Are you getting that she's exhausting? But it's a good exhausting. It's a "I wish I didn't have a job where I have to spend all day with 25 other people's kids so I could really focus on your amazingness" kind of exhausting. But that's okay, because I think most children exhaust their parents, if most children are doing their jobs correctly. 

But more than any of that, I think she's grand. Just darling and very, very grand. I think, one day, she'll take her inappropriate song lyrics-loving, giggling soccer star princess self to far flung places and teach the natives how to fart and belch in ways that will send them into peals of ridiculous laughter, especially if they do so while in a bathtub. And I think she'll be a big, massive super star one day, and also that if she actually does become an Oscar winning actress, she'll also become an Oscar winning screenwriter/director/producer at the same time, because if there's one thing in the world Miss M can't stand, it's to be told what to do, and she's too opinionated to let other people have the final say anyway. 

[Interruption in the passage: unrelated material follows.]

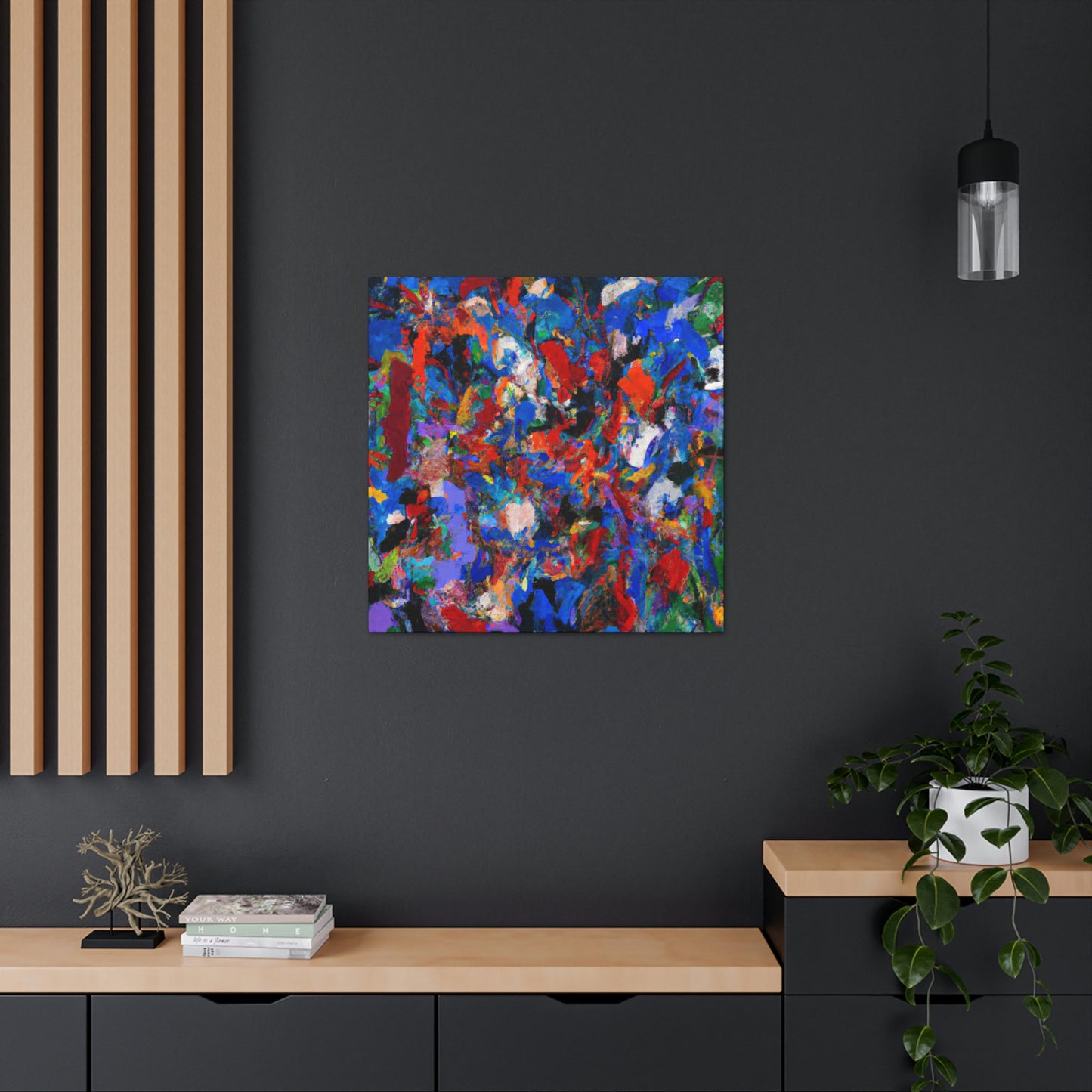 Celestial Blaze. - Canvas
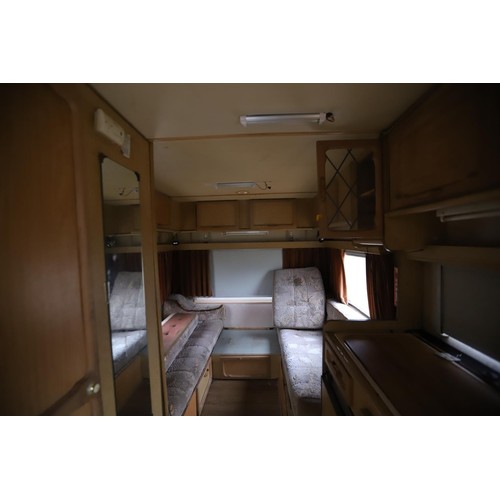 3A - 1989 Hillside motorhome reg G38 GOC - mot expired Dec 2024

I think my little Miss M's got transcendent, iridescent, impossibly large fairy wings, finely threaded with the purest of pink glitter-dust, hidden under her mud-soaked soccer uniform, and my biggest wish, each year as she inches closer to Year 21, each moment we pass other people's Favorite, Most Enjoyable Ages of Childhood, is that one morning she'll wake up to realize the Big Bad Wolf knows all about her hidden, impossibly large, iridescently pink glitter fairy wings; that the existence of these wings actually strike terror deep within him and he is afraid of her, far more than she could ever imagine being afraid of him. My heart wants her heart to know this makes her more powerful than she knows, much more capable than she realizes, that she is able to weave certain kinds of alchemy in the world that would marvel Merlin.

In fact, one day, when she DOES realize all of that, I hope I'm there to see her peel off the soccer uniform, unfurl her pink glitter fairy wings; I hope I'm allowed to witness her flights to as many wild and majestic places of terrifying splendors as she can find. Because I know she will conquer these places, and that these places will be better for having experienced her and she will be stronger for having experienced them. And I pray I will not be too exhausted and can marvel at her artistically adept ability to weave wonder at everything and inside everyone she touches, even when she stamps her feet with all her completely indignant, over-the-top, opinionated, control freak demands along the way.

But for today? I'm just trying to keep all the Frozen- and One Direction-themed shit hidden, because she's also pretty wily at figuring out my game plans. 

I love you, Sweet Melissa. My entire life got better when you came out of me six years ago.